È il modello perfetto di quanto si diceva all’inizio: la verità è fragile perché deve far fronte all’insinuazione che chiede sempre nuove prove, ignorando quelle a disposizione. Per giunta, con uno sfrontato ribaltamento, chi insinua il dubbio si presenta come la voce della ragione positiva a fronte di chi, sostenendo la verità, viene presentato come un dogmatico, uno che non vuole discutere e vuole soltanto imporre un’opinione propagandistica.
Chi si presenta in tal modo avrebbe buon gioco, se fosse condannato a qualche pena da una legge contro il negazionismo, a presentarsi come una vittima, come simbolo della persecuzione della ragione. Per questo, non credo che una legge contro il negazionismo sia utile, e penso anzi che sia controproducente. Far tacere d’autorità la menzogna serve solo a rivestirla dell’aureola di vittima. Non può in alcun modo distruggerne l’esistenza e, mettendola in clandestinità, la renderà ancor più pericolosa. Si rischia di stimolare la creazione di una rete dei “samizdat” della menzogna negazionista; qualcosa di assai facile a farsi nei tempi della rete e dei social network.
Quindi, occorre affrontare questa situazione difficile – in cui il pullulare del negazionismo e dell’antisemitismo rischia (con buone ragioni) di far perdere la testa – con calma e razionalità. Anch’io penso che la vicenda di Priebke sia stata gestita malissimo, amplificandola a dismisura mentre doveva essere risolta in modo autorevole con poche mosse silenziose: come Aharon Applefeld penso che Priebke sarebbe felice di sentirsi odiato e che la scelta migliore sarebbe stata seppellirlo in fretta, in silenzio, senza perdono.
Inutile censurare il suo “testamento”: forse è meglio fargli fronte, come è profondamente sbagliato vietare la lettura di “Mein Kampf”, invece di farne uno strumento per descrivere l’abisso della perversione. La verità è difficile ma è l’unico strumento che abbiamo, da difendere con la discreta e determinata forza della ragione – quella autentica, non quella dei seminatori di insinuazioni.

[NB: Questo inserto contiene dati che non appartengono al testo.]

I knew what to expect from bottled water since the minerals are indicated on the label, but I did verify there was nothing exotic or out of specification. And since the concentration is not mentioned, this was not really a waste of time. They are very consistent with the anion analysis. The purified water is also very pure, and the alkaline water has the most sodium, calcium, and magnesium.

Non serve moltiplicare le commemorazioni rituali, le manifestazioni esteriori e neppure gli insegnamenti impositivi: alla larga dall’idea dei corsi scolastici sulla Shoah. In questi giorni, invece di tanti discorsi, spesso vacui e retorici, di storiografia in pillole che provoca lo sbadiglio tra i giovani, una buona idea sarebbe stata proiettare nelle scuole il film di un grande regista tragicamente scomparso da poco, Carlo Lizzani, un uomo sensibile, un artista raffinato, un cittadino politicamente impegnato. Mi riferisco a quel capolavoro che è Hotel Meina, che può dire ai cuori e alle menti dei più giovani molto più di tanti discorsi.